Söz ettiğim film, Ralp isminde bir beyaz tavşanla yapılan söyleşiden ibaret aslında.
Sağ
gözü görmeyen ve sağ kulağı duymadığı gibi sürekli çınlayan bir tavşan kendisi.
Kürkü traş edildiği için sürekli kaşınıyor. Belinden aşağısına kimyasal
solüsyonla test yapıldığı için rahat oturamıyor.
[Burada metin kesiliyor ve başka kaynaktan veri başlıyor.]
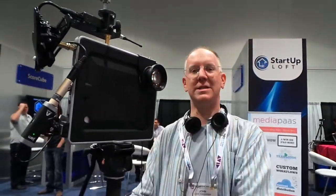Alright, stay tuned for more coverage here from NAB on GeekBeat. Head on over to youtube.com/GeekBeatTV, give us a thumbs up. See you later guys!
Dişlerini fırçalarken bile çok acı
hissediyor.
Tüm
bu olumsuzluklara rağmen Ralp yine de mutlu.
Çünkü
her şeyi insanlar için yaptığını, insanların hayvanlardan çok daha üstün
olduğunu düşünüyor.
Bir
anlamda deney tavşanı olmayı kabullenmiş. Çünkü babası, annesi, kardeşleri ve
hatta çocukları dahil tüm ailesi deney tavşanı. Başka türlüsünü görmemiş ki
zaten.
Kendisi
ile ilgili hazırlanan belgeselin sonuna doğru; deney standındaki diğer
tavşanlar ondan yardım isterken bile; Ralp insanların tarafını tutuyor.
Ancak
ironiye bakın ki tam da o anda, Ralp’e uzanan bir el sağlam gözüne bir iğne
sokarak ilaç veriyor.
Ve
Ralp’in sağlam olan gözü de kör oluyor.
Çektiği belgeseli kapatırken zorlukla ayağa kalkıyor ve kaybettiklerine rağmen uysallıkla kapanış konuşmasına hazırlanıyor.
Son
sözlerinde; hayvanlar üzerinde denenmiş şampuan, göz kalemi, güneş kremi gibi
kozmetik ürünleri almaya devam eden ve buna izin verenler sayesinde iş sahibi
olduğunu söylüyor. Ardından onlara teşekkür ediyor.
Neden
mi?
Çünkü
yemyeşil tarlalarda özgürce koşabilen normal bir tavşan olmanın ne demek
olduğunu hiçbir zaman düşünemiyor.
İşte
animasyon belgeseli tadındaki film bu son sözlerle bitiyor.
Hayli
dokunaklı, hayli iç acıtan ve düşündüren bir film öyle değil mi?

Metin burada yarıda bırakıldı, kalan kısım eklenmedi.